What you have to do:
Only an exact copy of the lines from the one containing "Grey Used 2023" through the last line of the material below belongs in the answer, with no pictures.

Data for this exercise:
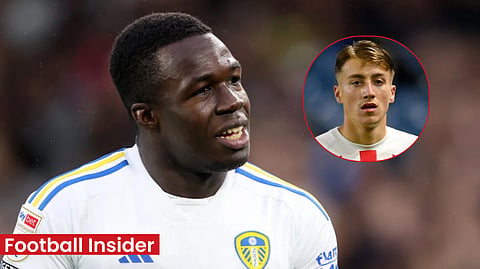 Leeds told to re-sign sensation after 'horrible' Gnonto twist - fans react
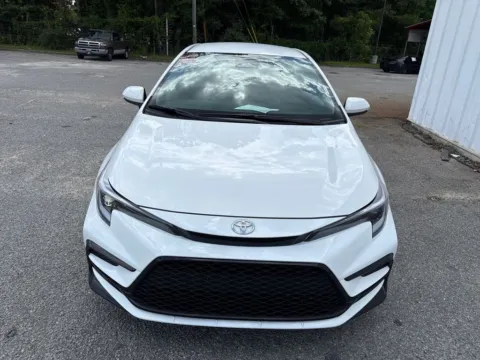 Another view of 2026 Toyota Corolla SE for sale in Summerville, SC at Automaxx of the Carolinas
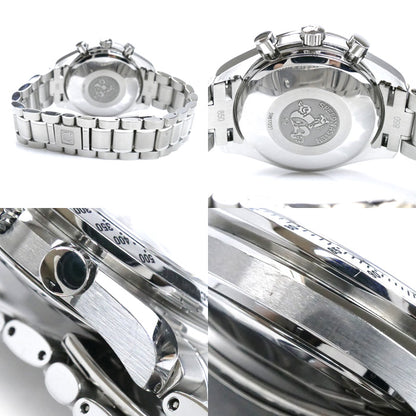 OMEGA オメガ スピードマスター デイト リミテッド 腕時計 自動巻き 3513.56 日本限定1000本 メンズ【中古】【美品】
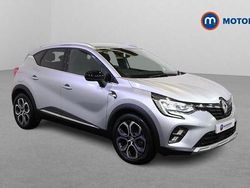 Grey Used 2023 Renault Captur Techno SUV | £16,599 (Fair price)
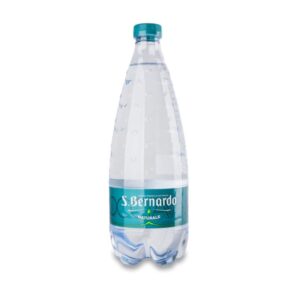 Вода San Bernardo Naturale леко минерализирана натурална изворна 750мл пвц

The answer:
 Grey Used 2023 Renault Captur Techno SUV | £16,599 (Fair price)
 Вода San Bernardo Naturale леко минерализирана натурална изворна 750мл пвц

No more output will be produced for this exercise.